Equally telling is Liszt’s setting of Goethe’s Über allen Gipfeln ist Ruh (Over every peak there is peace). Schubert famously transformed this verse, which he set as Wanderers Nachtlied II, into an extraordinary testament to the peace that comes with death. Here Liszt is remarkably subdued (for Liszt), but he cannot resist transforming the silence of the birds into the ominous call of death. Where Schubert is content to rest, Liszt chills us with the soft toll of church bells. (To clarify Liszt’s worldview, I’ve included a comparison with what I consider bass-baritone Hans Hotter’s finest recording of Schubert’s setting, made in 1942 with Michael Raucheisen as accompanist.)

Just occasionally on this CD, as in Der du von dem Himmel bist (Thou that art from heaven), Damrau either drops into chest voice or intentionally stresses her tone to the point where it loses its prettiness.

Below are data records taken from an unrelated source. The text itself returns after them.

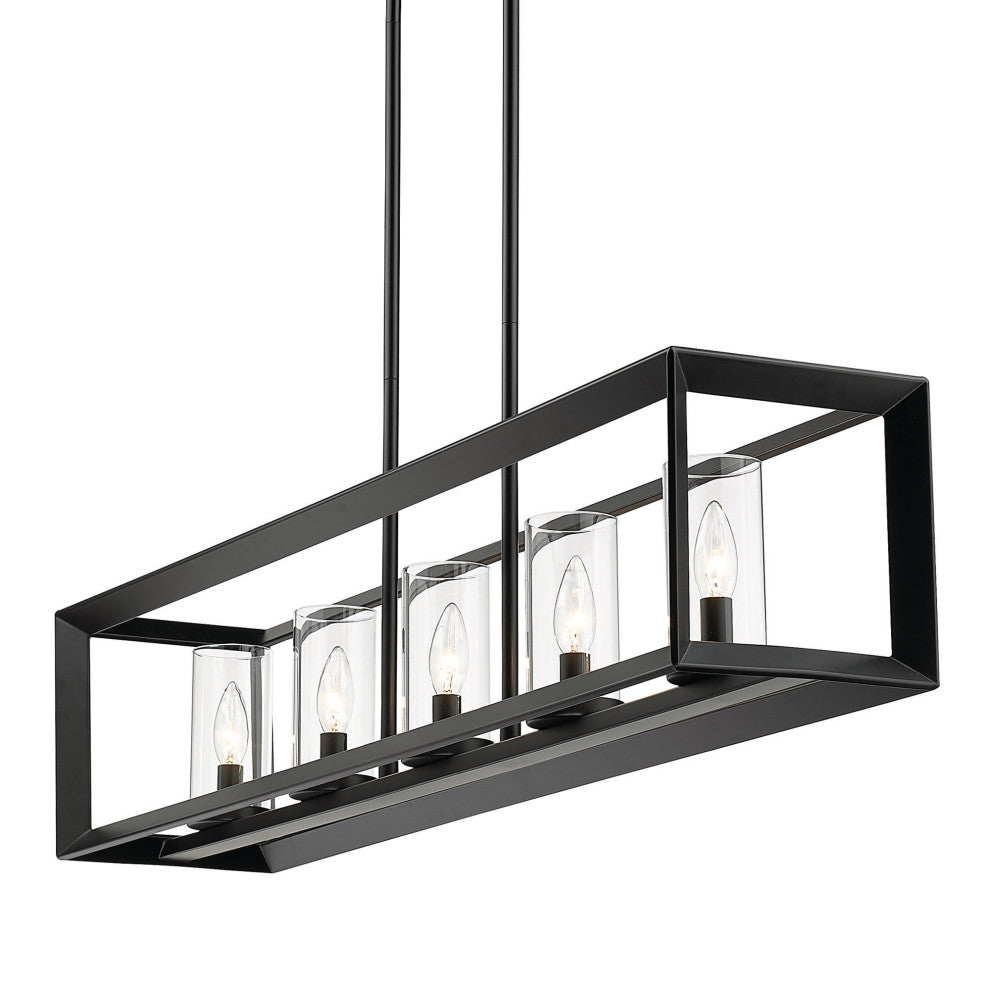 Smyth Linear Pendant, Matte Black, Matte Black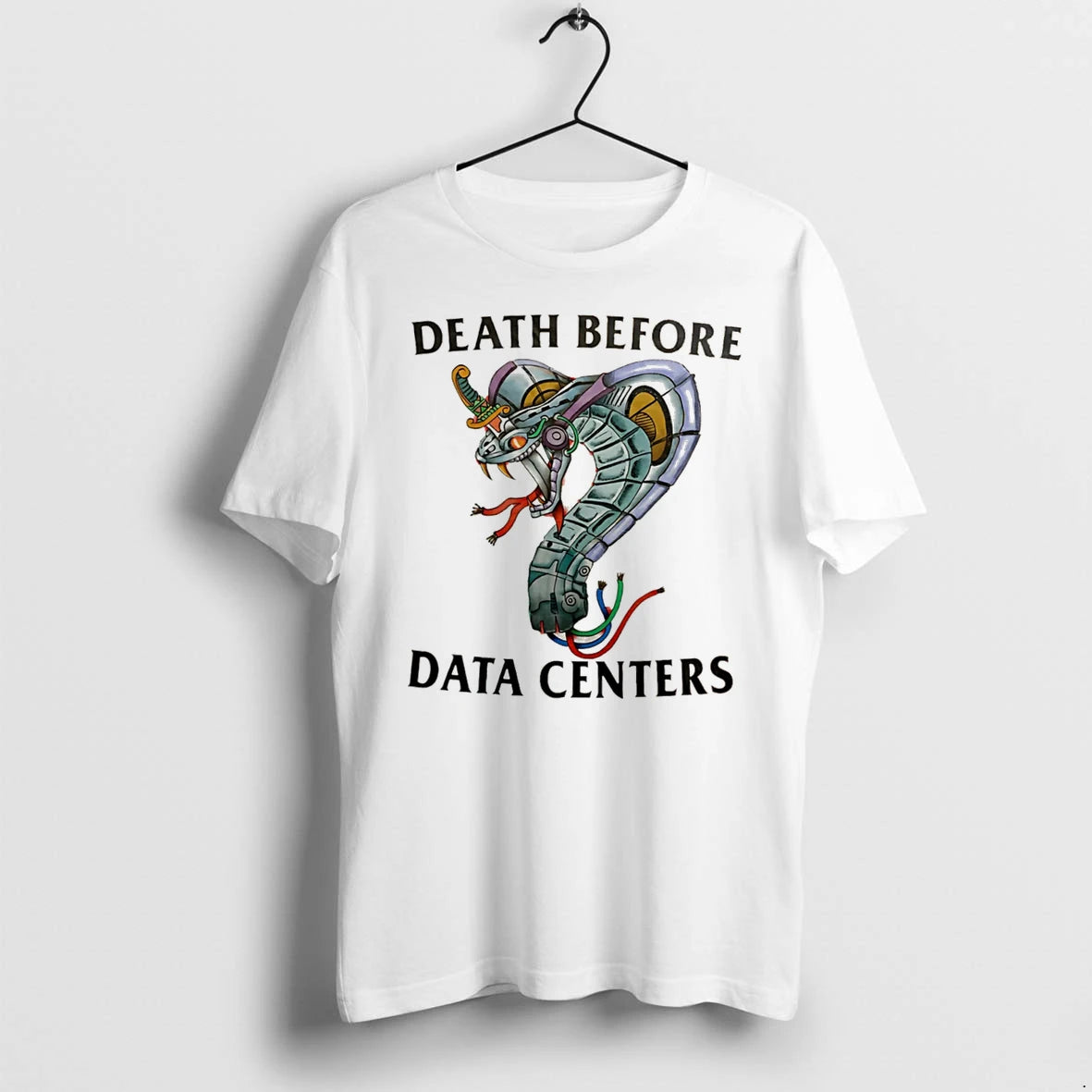 Officials Death Before Data Centers Cybernetic Snake Tee Premium T Shirt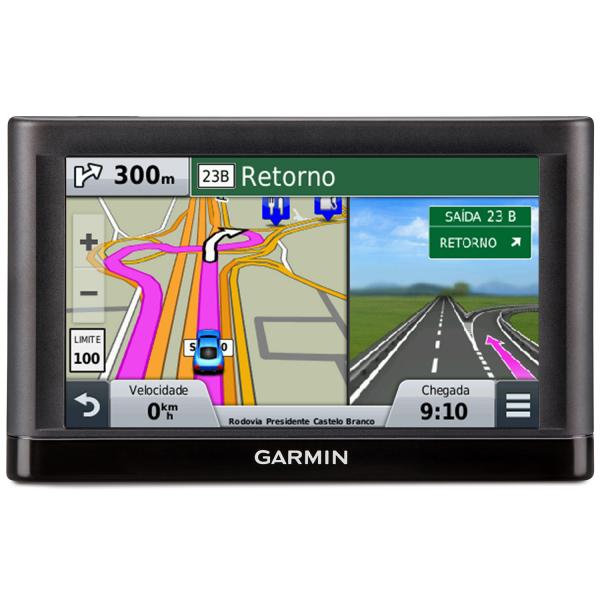 GPS Automotivo Garmin Nuvi 55 Tela 5" Dados Trânsito e Avisa Radar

All this, though, is done in the service of art. Deutsch is right there with her, providing every pearly tone and billowing flourish that the music demands.

A great deal of intelligence is at work here. Those of us who have followed the blossoming career of soprano Leah Crocetto, who often programs Pace non trovo (I find no peace) from Liszt’s Three Petrarch Sonnets — the song that helped her win the Metropolitan Opera National Council Auditions — will be especially fascinated by Damrau’s very different but equally valid approach. Then we’ll turn to Liszt’s two different settings of Goethe’s Freudvoll und leidvoll (Joyful and sorrowful), marveling first at how the composer and Damrau-cum-Deutsch make such big drama out of so little, then at how the singer conveys the pensive beginning of the second version with something approaching lazy tone.

With each song, new revelations appear. Can anyone fail to be entranced by the rapt attention with which Damrau weaves the spell of the Loreley? This disc displays lieder singing and playing at their finest.